▼

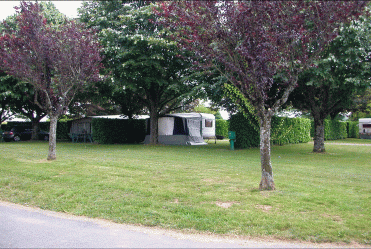 Camping Car Park de mon village La Franqueze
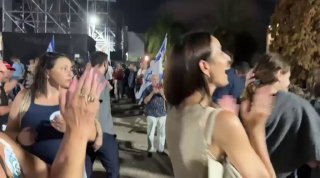 ערוץ קאן עברי: מנהיג מפלגת האופוזיציה "הישראלית", יאיר לפיד, נמצא בכיכר האסירים במהלך צעדה בדרישה להקים ועד…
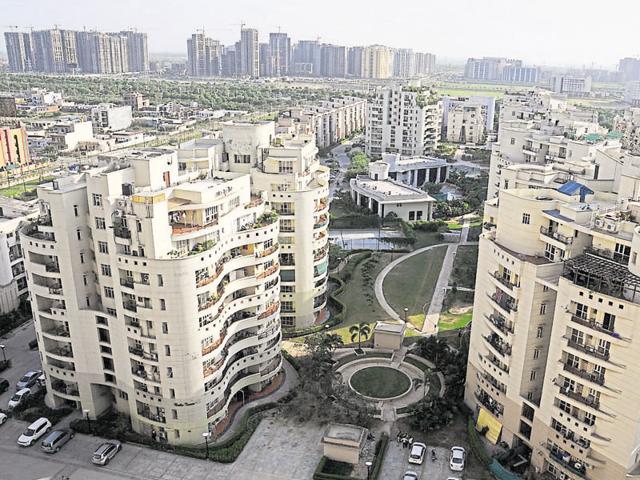 The bill would prohibit unaccounted money from being pumped into the real estate sector and from now 70% of the money has to be deposited in bank accounts through cheques. (S Burmaula/HT Photo) The bill would prohibit unaccounted money from being pumped into the real estate sector and from now 70% of the money has to be deposited in bank accounts through cheques. (S Burmaula/HT Photo)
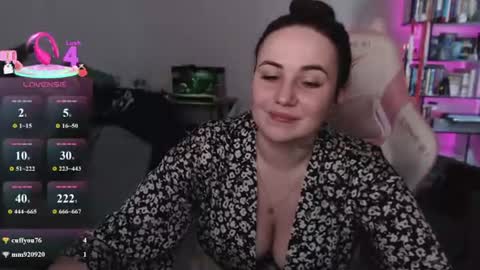 Snapshot of mari_moore7 chatting on July 2026 07:56:02 AM mari moore online show from July 2026 07:56:02 AM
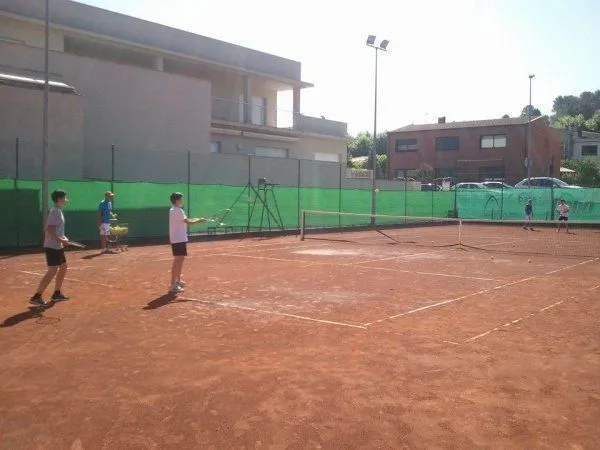 Club Tenis Banyoles - centro deportivo en Banyoles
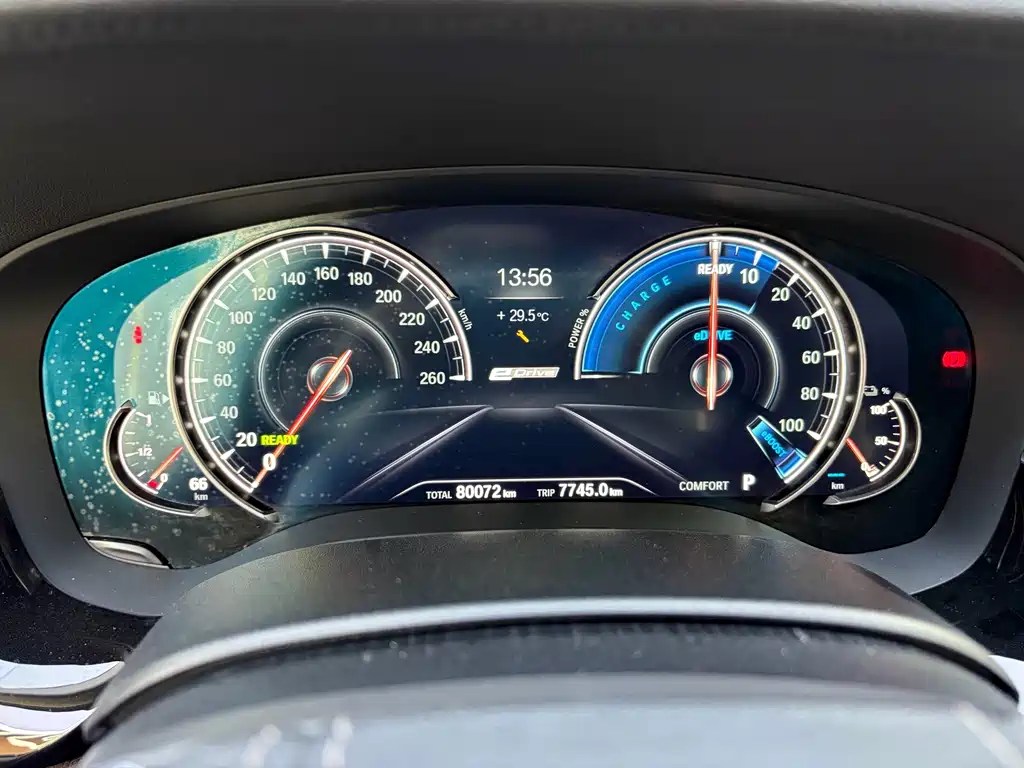 BMW 5 Series New Energy 2018 — фото 9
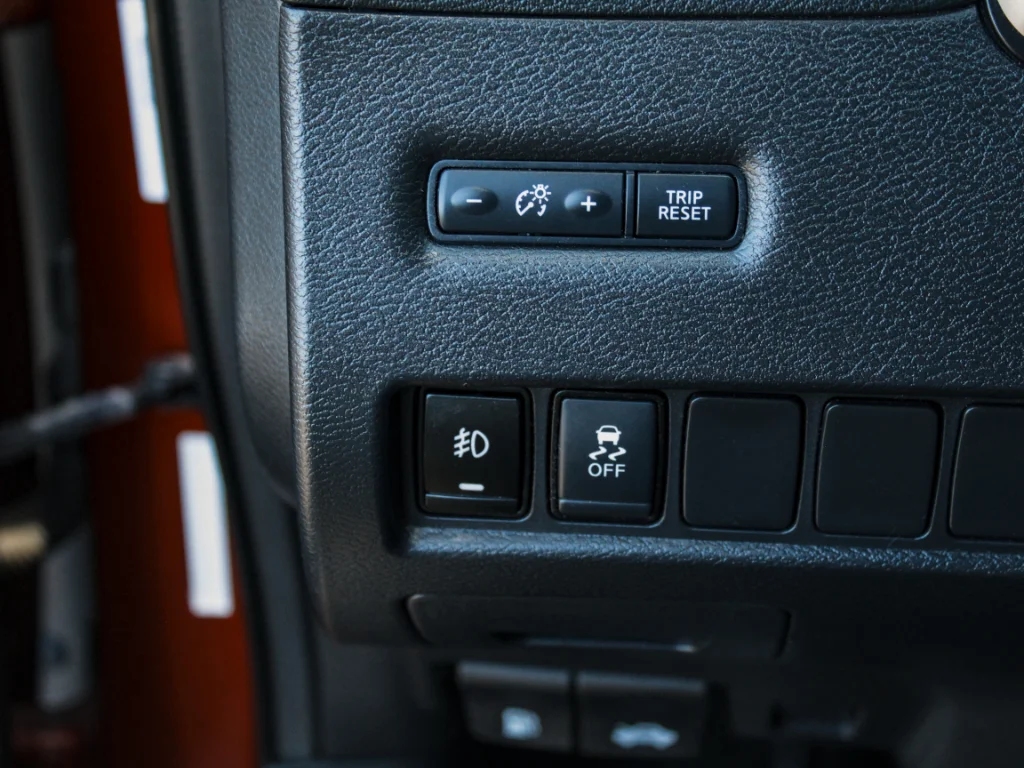 Used 2019 Red Nissan S image 10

▲

- Task to carry out -
Please give a word-for-word transcript of the lines from the one holding "Burmaula/HT Photo) The" through the final line of the entries, both ends kept, with no pictures.

- Task result -
 The bill would prohibit unaccounted money from being pumped into the real estate sector and from now 70% of the money has to be deposited in bank accounts through cheques. (S Burmaula/HT Photo) The bill would prohibit unaccounted money from being pumped into the real estate sector and from now 70% of the money has to be deposited in bank accounts through cheques. (S Burmaula/HT Photo)
 Snapshot of mari_moore7 chatting on July 2026 07:56:02 AM mari moore online show from July 2026 07:56:02 AM
 Club Tenis Banyoles - centro deportivo en Banyoles
 BMW 5 Series New Energy 2018 — фото 9
 Used 2019 Red Nissan S image 10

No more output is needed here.